Die Deutsche Oper hat zum Ende der Saison Pech mit ihren Wagner-Sängern. Vor einem Monat gab es handfeste Probleme einen Ersatz für den Tannhäuser zu finden und jetzt musste Robert Gambill als Tristan absagen. Die Lösung, die man in der gestrigen Vorstellung gefunden hat kann aber nur als Kompromiss gelten, obwohl der "Einspringer" alles andere als eine Verlegenheitslösung ist.

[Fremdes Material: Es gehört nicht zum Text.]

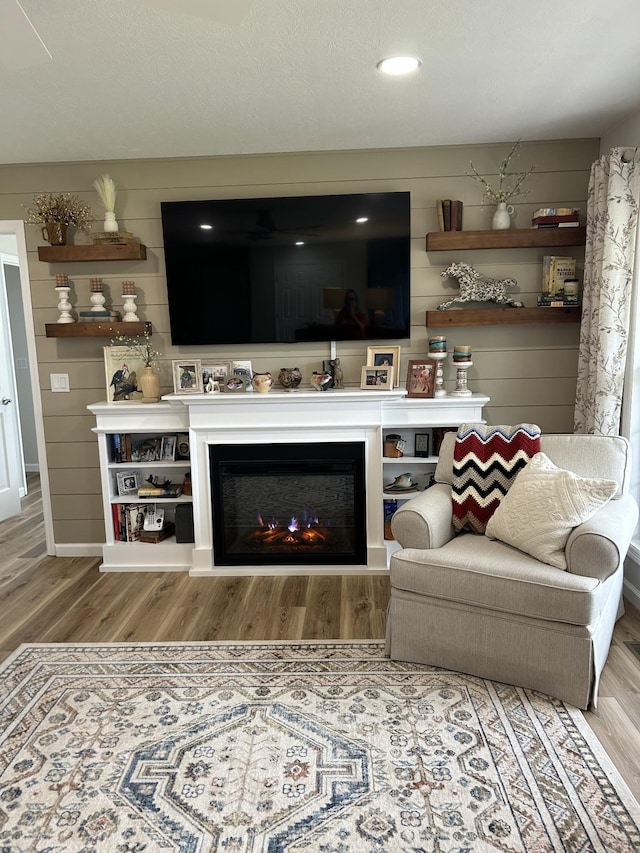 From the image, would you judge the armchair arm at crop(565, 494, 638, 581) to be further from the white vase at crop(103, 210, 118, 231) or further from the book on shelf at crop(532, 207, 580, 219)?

Erfreulich ist, dass Peter Seiffert sich bereit gefunden hat, als Tristan einzuspringen. Schade bleibt, dass er das erstmal nur singend (mit Buch und Pult) getan hat. Als Tristan auf der Bühne figurierte die verdiente Spielleiterin der Deutschen Oper Gerlinde Pelkowski. Man muss sagen: Das funktioniert so nicht. Das Ganze gewinnt zu wenig an Spannung, es wird kein richtiger Opernabend. Seiffert singt einen akzeptablen Tristan, auch er mit Schwierigkeiten im dritten Akt, aber welcher Sänger hat die nicht. Trotzdem, er singt die ganze Partie, er schreit oder deklamiert sie nicht und alles mit vorzüglicher Sprachbehandlung. Es wird klar, warum der Sänger mal als Hoffnung des Wagnergesangs galt. Als Isolde ist Evelyn Herlitzius nach wie vor eine erste Rollenvertreterin, wohl kaum einer Sängerin gelingt es die Figur mit einer solchen Plausibilität und Konkretheit zu zeichnen. Indes stellte sich gerade beim Liebestod gestern erstaunlich wenig Magie ein, sicher lag es auch an der Tatsache, dass sie sich ja immer zwei Tristans gegenüber sah, einem singenden und einem spielenden. Der singende verließ die Bühne nach seinen letzten Phrasen und der spielende lag nur noch da, an der Stelle war dann endgültig die Luft raus. Die Brangäne von Daniela Sindram blieb zu eindimensional in der Darstellung. Gewohnt deutlich und mit viel sonorem Tiefklang zelebriert Hans-Peter König den König Marke. Das hat Wirkung, aber es berührt nicht. Schade, aber diese Rolle darf man nicht so unbeteiligt singen. Den besten Eindruck des Abends hinterlässt Samuel Youn als Kurwenal, mit viel Attacke und heldischem Glanz in der Stimme zeigt er sein Wagner-Format. Das Orchester der Deutschen Oper und Pinchas Steinberg hat einen routinierten Abend und hält sich über weite Strecken angenehm im Hintergrund, so geht es auch! Die langgediente Inszenierung von Götz Friedrich aus dem Jahr 1980 bekennt sich zu einer psychologischen und realtistischen Erzählung der nicht ganz einfachen Geschichte und es erstaunt, wie weit sie damit kommt. Üblicherweise wird dieser Weg ja inzwischen vermieden und das Stück in eher allegorischen oder symbolischen Zusammenhängen präsentiert. Das kann gut gehen, muss es aber nicht, wie viele Beispiele zeigen. Für die nächsten Vorstellung am 14. Juni 2009 ist Peter Seifert allein als Tristan angekündigt. Wenn alle einen guten Tag haben, könnte das - nach der gestrigen Durchlaufprobe mit Publikum - eine kleine Wagner-Sternstunde werden.